Out of the vast universe of tweaks that should be investigated, I highlighted four:
- Clarify the nature of the legal relationship between participants in genuinely decentralised blockchain ecosystems. As far as possible, limit their liability and recourse to the code they have chosen to trust.
- Find an acceptable mechanism for formal recognition of DAOs, or code-governed entities. Entities with suitable coded constitutions shouldn’t need boards or member registers.
- Confirm the tax-exempt status of Not-for-Profits that act as the curator of a genuinely decentralised blockchain ecosystem. This is our competitive advantage with Singapore.
- Embrace private stablecoins in lieu of CBDCs. Ensure digital asset projects create compliant digital representations of Australian dollars to move about their ecosystem.
To the Committee’s credit it indicated a willingness to investigate creating a legal space for DOAs. In a summary of the hearing, Senator Bragg noted:
The Committee noted, however, that a new corporate form like in Wyoming is a regulatory dead end in Australia.
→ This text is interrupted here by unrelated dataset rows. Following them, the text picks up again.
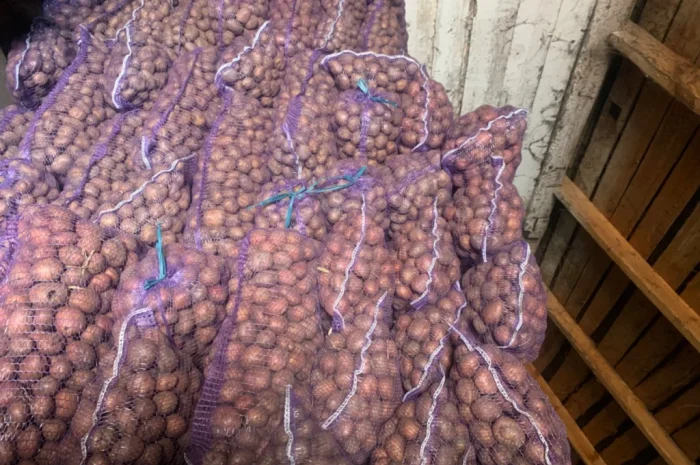 Продается семенной картофель- фото № 4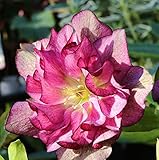 Christrose Lenzrose Double Ellen Red - Helleborus orientalis -...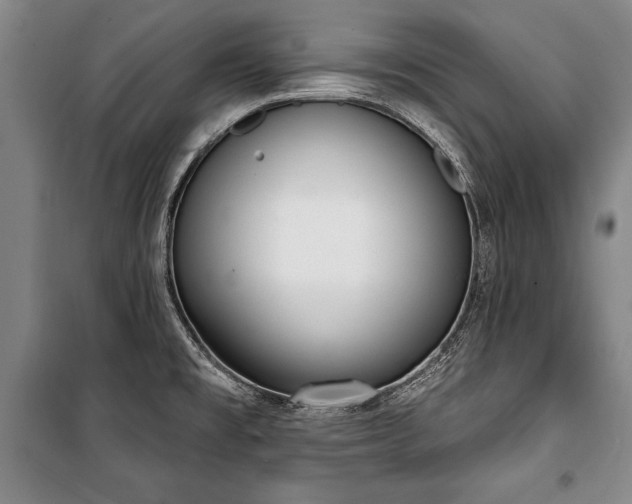 X0000101201477200806271339
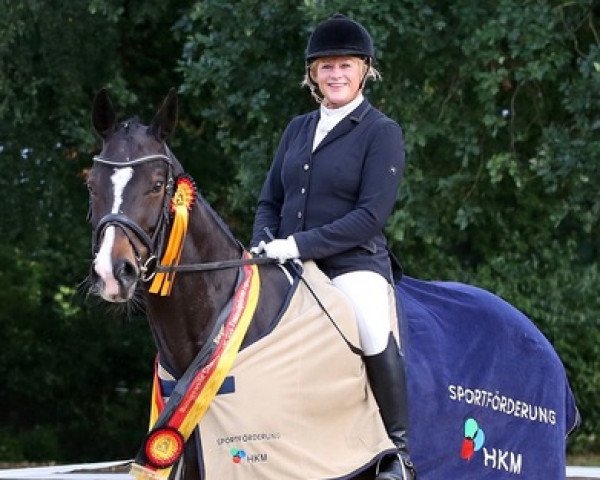 dressage horse Solitär 45 (Hanoverian, 2009, from Scolari)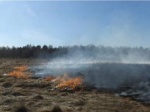 Калужская область: в поселении Боровенск уже не первую весну борются с огнем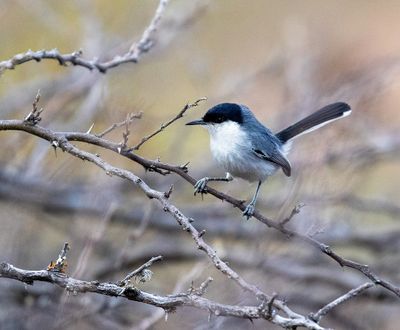 Maraon Gnatcatcher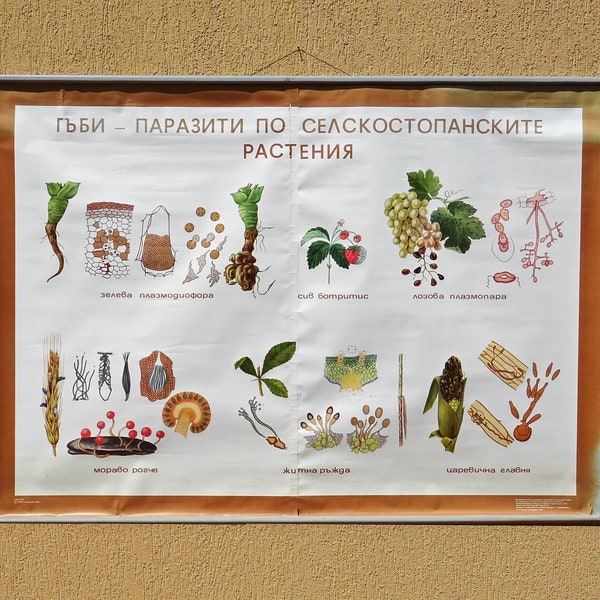 Vintage Pull Down Botanical School Wall Map of Parasitic Fungi, Bulgarian School Wall Pull Down Cart, Educational School Pull Down Map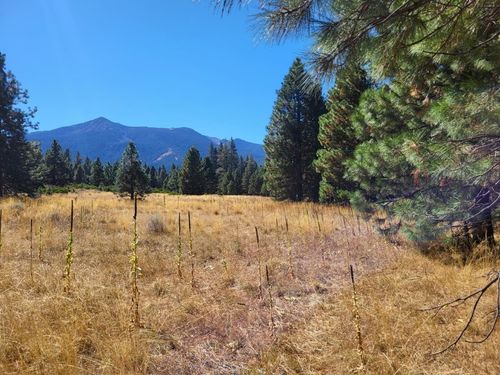 Lot 20 N Old Stage Rd, Weed, CA, 96094 | Card Image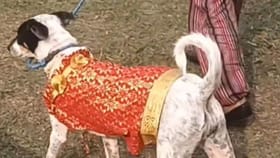 র‍্যাম্পে হাঁটলো পাড়ার লালু-ভুলুরা, দেখুন ওদের স্টাইল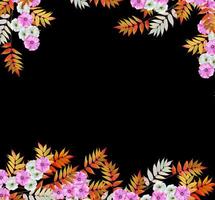 lavatera isolada em fundo preto. flor brilhante foto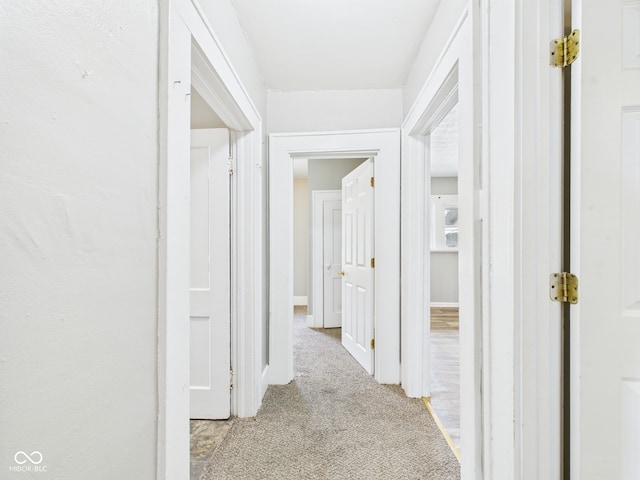 1201 Arrow Ave, Anderson, IN 46016 - corridor with light carpet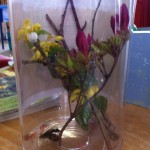 Making a nice house for the butterfly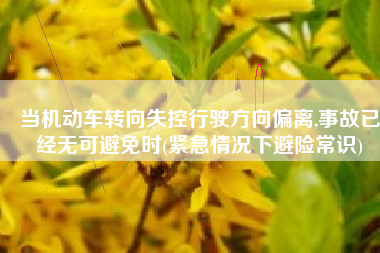 当机动车转向失控行驶方向偏离,事故已经无可避免时(紧急情况下避险常识)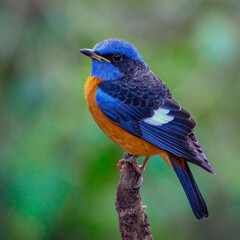 Strikingly Beautiful Blue-capped Rock thrush on a perch 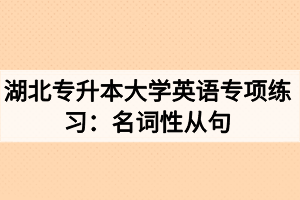 湖北專升本大學(xué)英語專項練習(xí)：名詞性從句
Australia has undergone a herculean effort to wrangle a single, consistent Corporations Act applying throughout Australia and amendments to this regime involve unavoidably lengthy and complex negotiations between all States and the Commonwealth.
The Committee challenged the panel to develop DAO proposals that do not rely on a new corporate form.
This is a welcome and worthy challenge! The Committee is to be applauded for recognising the need for a legal space for DAOs, despite the challenges to creating new corporate forms in Australia.
In truth, DAOs probably should not be new corporate forms. I argue they are best viewed as a special class of unincorporated joint ventures. Laws that imbue genuinely decentralised code-governed communities with special rights, liabilities and privileges offer a mechanism for resolving much of the friction between the law and cryptographically-mediated peer-to-peer relationships.
Stay tuned for more as the proposal takes shape…
How do we decide whether DAOs (i) should be recognised as an unincorporated joint venture versus (ii) are the type of joint venture that is actually a shadow corporation? What criteria are we looking for of “corporate-ness” and are they implicit within the structure itself (eg, ability to act by consensus/majority vis-a-vis outsiders, facilitating common access to/benefit from wealth or assets, etc)?
If we are just trying to avoid amending a statute, instead of thinking about what DAOs actually mean for economic co-adventurers to act in concert, I think we won’t get to the meat of the issue. (Not saying that’s what your evidence suggests, necessarily.)